Well it would appear that way at least according to this profile of the guy tapped to distribute the $700 billion:
Kashkari, it turns out, was one of the original authors of the bailout plan. In a secretive effort over “many, many months,” he was a part of a small team at Treasury working on the plan, said David H. McCormick, under secretary for international affairs.
Why is this fact not a big story? Hank Paulson tells us two weeks ago that we had to pass the bailout immediately because things are so bad. If they have been working on contingencies for “many, many months,” Why wasn’t something other than the bailout proposed months ago? Clearly the folks at Treasury saw this problem coming down the line. Why was this worked on so secretly? Please don’t tell me it was kept secret to avoid panic in the financial markets.
What’s absolutely mind-boggling is to read some so-called conservatives making the case for socialism, or trying to spin the bailout in way to make it seem less socialistic. Take this post over at RedState titled “The conservative case for socialism.” Now that title is a bit misleading because the author isn’t claiming the bailout is a form of socialism, he’s instead trying to make the pill easier to swallow by arguing the bailout isn’t socialism:
However I think the word ‘socialist’ is being used too broadly now, without much thought, and as the hammer to drive a reflex rejection of government action. I believe that while this reflex just happens to be useful most of the time, due to the massive expansion of the government in the period 1933-1980, but to be always opposed to government is a liberal (read libertarian in modern language) reflex, not a conservative one.
I assert that the financial recovery bill, and other interventions being made by the Treasury and the Federal Reserve are precisely that. We are not taking a planning role in the economy, outside of the bounds of the Constitution; we are taking control of our money supply, which is one of the duties of the government. We are not confiscating property; we are buying property at prices that are too high if anything.
What we are doing now is a supply-side intervention. The Treasury and the Federal Reserve trying to preserve the ability of the producers in this economy to get the credit they need to produce, to hire, and to grow this economy.
Let’s take the following point first:
We are not confiscating property; we are buying property at prices that are too high if anything.
While it’s true that the government isn’t confiscating property, it is buying property. Last time I checked, when someone buys something they typically own it. Therefore the government now owns a good portion of the housing and financial industries.

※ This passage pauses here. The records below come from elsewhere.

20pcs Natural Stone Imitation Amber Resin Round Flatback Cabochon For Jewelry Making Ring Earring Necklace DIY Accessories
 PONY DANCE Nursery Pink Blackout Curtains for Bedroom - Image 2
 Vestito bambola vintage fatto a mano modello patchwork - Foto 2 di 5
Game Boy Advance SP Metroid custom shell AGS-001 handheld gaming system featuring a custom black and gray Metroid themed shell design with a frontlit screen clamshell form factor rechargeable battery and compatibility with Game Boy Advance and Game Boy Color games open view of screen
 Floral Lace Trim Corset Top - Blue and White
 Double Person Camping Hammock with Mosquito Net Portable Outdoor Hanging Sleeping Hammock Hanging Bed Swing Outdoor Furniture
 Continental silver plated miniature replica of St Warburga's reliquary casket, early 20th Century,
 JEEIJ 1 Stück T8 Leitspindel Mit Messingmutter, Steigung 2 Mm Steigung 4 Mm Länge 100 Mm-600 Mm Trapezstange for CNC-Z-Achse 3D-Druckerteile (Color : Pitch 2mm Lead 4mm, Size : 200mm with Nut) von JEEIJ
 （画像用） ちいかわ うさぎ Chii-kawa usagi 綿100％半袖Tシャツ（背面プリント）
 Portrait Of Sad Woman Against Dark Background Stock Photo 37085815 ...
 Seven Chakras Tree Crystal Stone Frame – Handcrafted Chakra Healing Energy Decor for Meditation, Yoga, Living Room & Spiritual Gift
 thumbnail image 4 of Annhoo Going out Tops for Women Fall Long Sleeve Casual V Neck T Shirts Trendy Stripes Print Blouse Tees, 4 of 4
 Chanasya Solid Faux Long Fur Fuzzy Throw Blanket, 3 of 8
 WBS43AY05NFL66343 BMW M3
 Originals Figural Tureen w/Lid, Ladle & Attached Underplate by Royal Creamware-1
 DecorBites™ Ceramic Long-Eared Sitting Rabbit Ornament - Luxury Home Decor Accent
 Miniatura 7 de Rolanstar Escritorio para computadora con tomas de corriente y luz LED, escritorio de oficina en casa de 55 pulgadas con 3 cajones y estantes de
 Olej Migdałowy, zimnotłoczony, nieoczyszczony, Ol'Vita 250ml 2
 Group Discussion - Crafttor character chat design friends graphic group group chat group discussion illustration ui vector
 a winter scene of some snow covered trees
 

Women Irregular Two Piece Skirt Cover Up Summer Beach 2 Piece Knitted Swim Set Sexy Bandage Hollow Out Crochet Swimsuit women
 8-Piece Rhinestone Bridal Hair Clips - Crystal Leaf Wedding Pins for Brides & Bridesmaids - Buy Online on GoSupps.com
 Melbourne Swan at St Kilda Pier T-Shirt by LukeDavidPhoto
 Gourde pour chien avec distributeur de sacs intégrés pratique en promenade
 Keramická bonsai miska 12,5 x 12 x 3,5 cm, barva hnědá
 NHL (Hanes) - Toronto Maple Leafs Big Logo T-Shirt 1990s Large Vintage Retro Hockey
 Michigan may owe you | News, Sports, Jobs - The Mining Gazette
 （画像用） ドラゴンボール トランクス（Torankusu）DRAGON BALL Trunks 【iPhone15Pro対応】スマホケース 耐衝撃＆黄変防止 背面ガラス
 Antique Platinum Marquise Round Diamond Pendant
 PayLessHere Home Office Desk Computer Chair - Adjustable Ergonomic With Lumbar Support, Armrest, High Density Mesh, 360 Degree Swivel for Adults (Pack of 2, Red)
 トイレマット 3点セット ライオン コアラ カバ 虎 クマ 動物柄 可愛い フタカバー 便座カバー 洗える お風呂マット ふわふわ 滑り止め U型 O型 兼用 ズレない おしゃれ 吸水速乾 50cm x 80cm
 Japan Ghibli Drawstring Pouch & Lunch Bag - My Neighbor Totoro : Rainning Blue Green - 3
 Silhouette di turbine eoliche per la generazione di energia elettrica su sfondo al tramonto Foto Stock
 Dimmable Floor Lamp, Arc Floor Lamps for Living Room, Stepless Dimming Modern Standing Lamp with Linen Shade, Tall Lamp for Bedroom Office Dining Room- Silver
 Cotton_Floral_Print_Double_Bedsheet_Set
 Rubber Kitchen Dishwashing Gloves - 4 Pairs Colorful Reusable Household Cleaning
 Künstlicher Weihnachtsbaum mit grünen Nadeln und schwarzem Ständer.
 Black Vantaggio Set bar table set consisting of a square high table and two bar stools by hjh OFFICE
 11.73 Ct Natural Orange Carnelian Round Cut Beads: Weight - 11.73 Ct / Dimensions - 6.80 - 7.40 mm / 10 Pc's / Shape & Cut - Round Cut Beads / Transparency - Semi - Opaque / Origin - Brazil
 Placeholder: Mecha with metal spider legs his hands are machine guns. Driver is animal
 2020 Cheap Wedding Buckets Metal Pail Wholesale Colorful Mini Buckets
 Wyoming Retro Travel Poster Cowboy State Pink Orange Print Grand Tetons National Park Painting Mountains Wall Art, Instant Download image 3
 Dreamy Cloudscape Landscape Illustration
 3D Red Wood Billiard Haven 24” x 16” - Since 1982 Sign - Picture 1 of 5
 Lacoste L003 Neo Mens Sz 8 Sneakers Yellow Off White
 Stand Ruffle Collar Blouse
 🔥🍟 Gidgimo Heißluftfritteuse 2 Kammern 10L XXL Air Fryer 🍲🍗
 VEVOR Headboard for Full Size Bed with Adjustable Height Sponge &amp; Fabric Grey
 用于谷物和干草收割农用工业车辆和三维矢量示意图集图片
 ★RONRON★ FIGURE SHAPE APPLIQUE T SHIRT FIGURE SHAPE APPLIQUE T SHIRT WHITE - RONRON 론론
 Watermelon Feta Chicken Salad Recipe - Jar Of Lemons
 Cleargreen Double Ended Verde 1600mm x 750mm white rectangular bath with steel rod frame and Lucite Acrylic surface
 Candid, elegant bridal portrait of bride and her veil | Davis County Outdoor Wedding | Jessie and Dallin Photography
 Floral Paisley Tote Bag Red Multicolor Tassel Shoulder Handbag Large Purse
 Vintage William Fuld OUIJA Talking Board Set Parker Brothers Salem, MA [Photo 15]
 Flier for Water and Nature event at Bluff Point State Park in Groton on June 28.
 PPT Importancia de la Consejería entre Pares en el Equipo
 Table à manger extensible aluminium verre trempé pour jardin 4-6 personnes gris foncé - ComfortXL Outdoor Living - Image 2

We are not taking a planning role in the economy
Well I would argue that the financial industry sufficiently flows into the supply chain of most producers and manufacturers, giving the government–at the very least-indirect control over some planning aspects.
It is truly amazing and frightening to see some conservatives trying to explain this step towards socialism away, and tomorrow they will be telling us that they are free-market capitalists.
You think full-blown socialism can’t make it here to America? Think again. Why couldn’t it when you have supposed conservatives telling us this bailout that we know is socialist simply because it doesn’t perfectly fit the technical definition of socialism?
When the so-called anti-socialists are defending quasi-socialism we have a lot to be concerned about.